Wednesday, July 9, 2008

1892: Showdown at Homestead steel plant


By the late nineteenth century, the workers at Andrew Carnegie's Homestead, PA plant had eked out a modicum of power. They won a key strike in 1889, and in the process became a potent unit of the Amalgamated Association of Iron and Steel Workers. Still, these victories hardly erased the harsh working conditions at the Homestead mills. Nor did they mean that the Carnegie Company was pleased with or readily recognized the union. 

Ever mindful of Amalgamated's potentially deleterious impact on his profit margins, Andrew Carnegie looked to erode the power of the union.
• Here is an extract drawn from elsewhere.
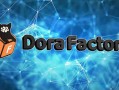 DORA是什么币种？DORA／铜锣烧币全面介绍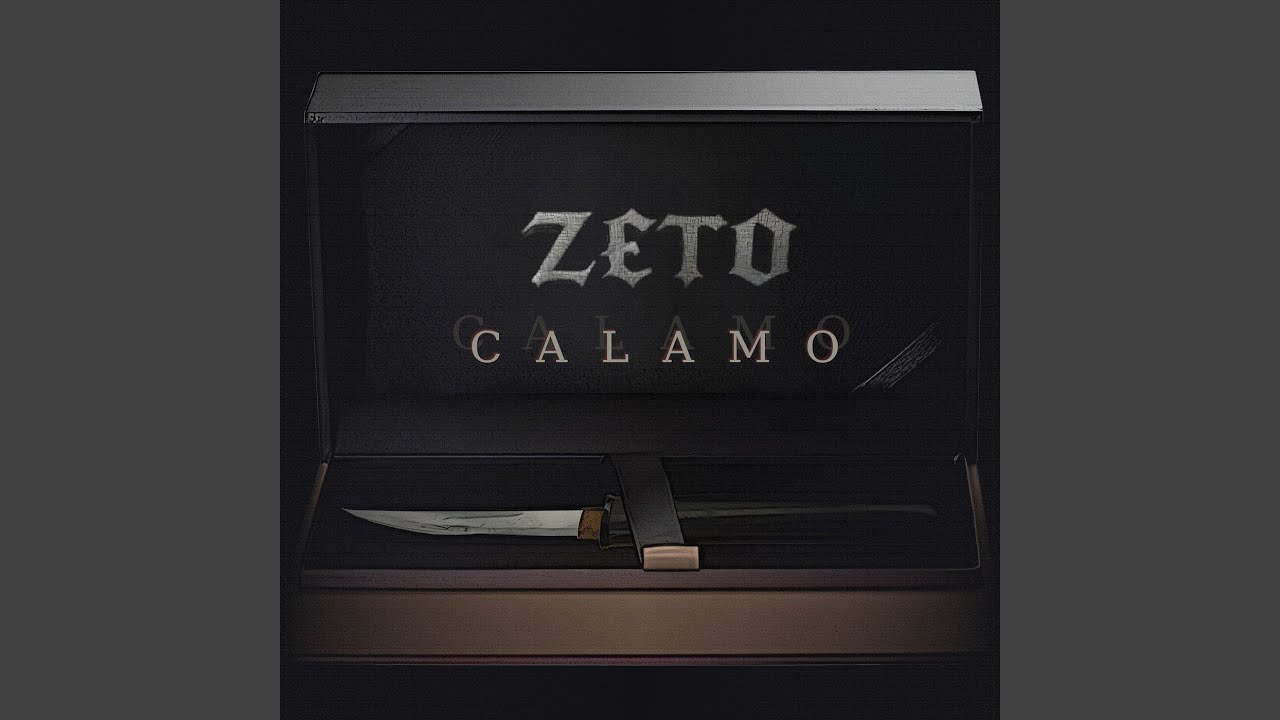 Calamo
In 1892, the company made its move against Amalgamated, though not with Carnegie at the helm: the steel baron had departed for a vacation in Scotland, leaving the task of smashing the union in the hands of his partner, Henry Clay Frick

Frick took his mission all too seriously: after refusing to renew the company's contract with Amalgamated, he dug in for war, erecting a three-mile long steel wire fence around the plant. Frick also enlisted the aid of the Pinkerton Detective agency, which sent three hundred men to Homestead to ensure the plant's transition to non-union workers. 

Seven strikers and three Pinkertons were eventually killed as Andrew Carnegie hires armed thugs to protect strikebreakers in an effort to smash the union.
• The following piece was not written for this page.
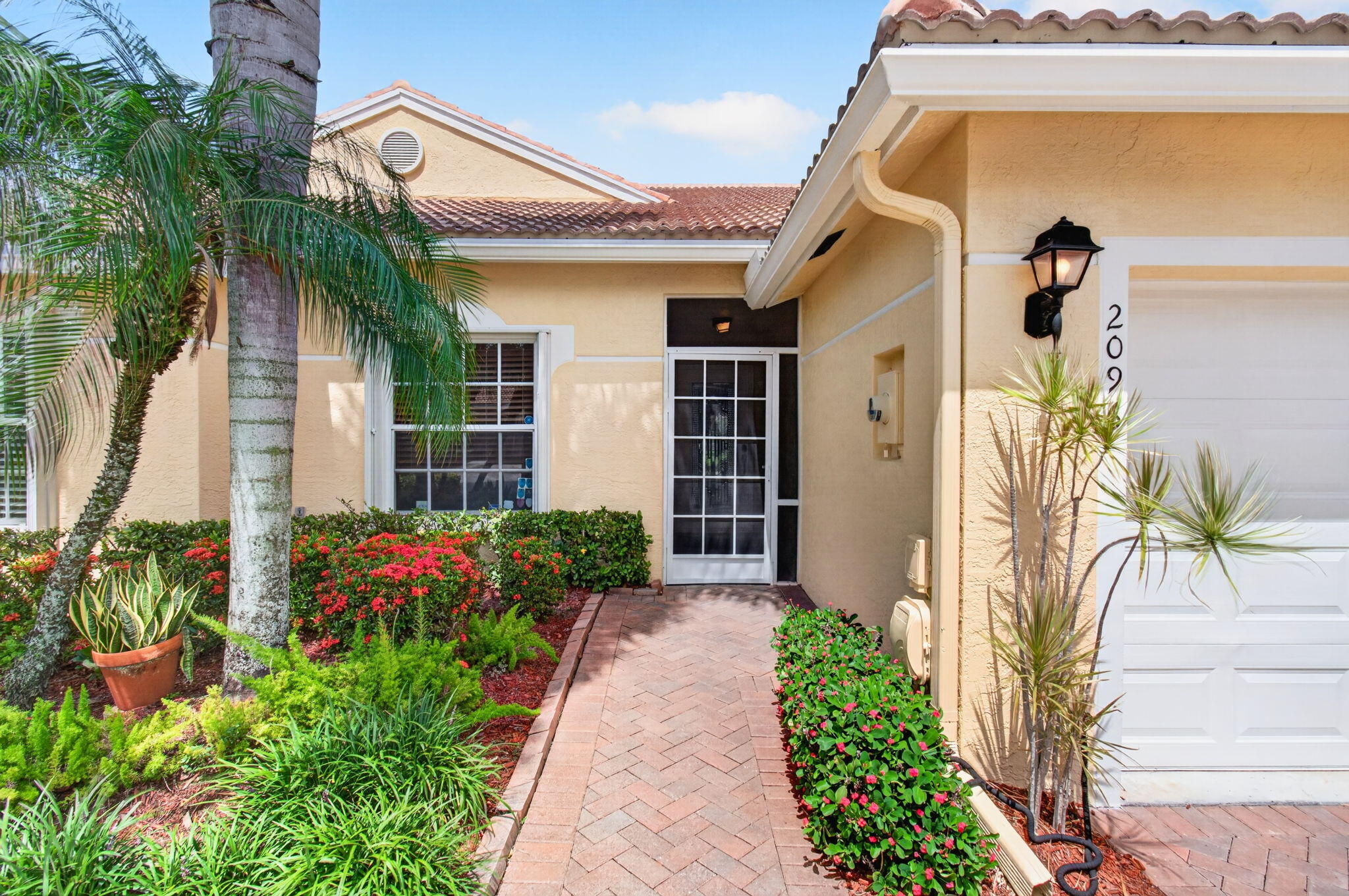 BAYWINDS RPD 3 - Residential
Amalgamated's leaders responded in kind, lining up scores of workers, as well as a good chunk of the town, to wage battle against the plant. The showdown began in earnest on July 2, as Frick halted work at Homestead until the plant was staffed entirely by non-union workers. Three days later, the Homestead affair turned bloody, as the Pinkerton agents made their first appearance on the scene. Attempting to reach the plant via the Monongahela River, the agents were met by Amalgamated's forces; the two sides engaged in a long and vicious battle that left nine strikers and seven agents dead. Despite the losses, Amalgamated's motley army was able to turn back the detectives. Sensing that they were on the verge of disaster, officials for Carnegie enlisted the aid of the Pennsylvania Government. And, on this day in 1892, the state sent a band of 7000 troops to Homestead to "restore law and order." The militia effectively squelched Amalgamated's strike: the troops helped the Carnegie restaff its plant with non-union workers and by September, the Carnegie company had resumed production. Later that November, the union conceded defeat and called off its strike; Carnegie responded by summarily firing and even blacklisting the strikers.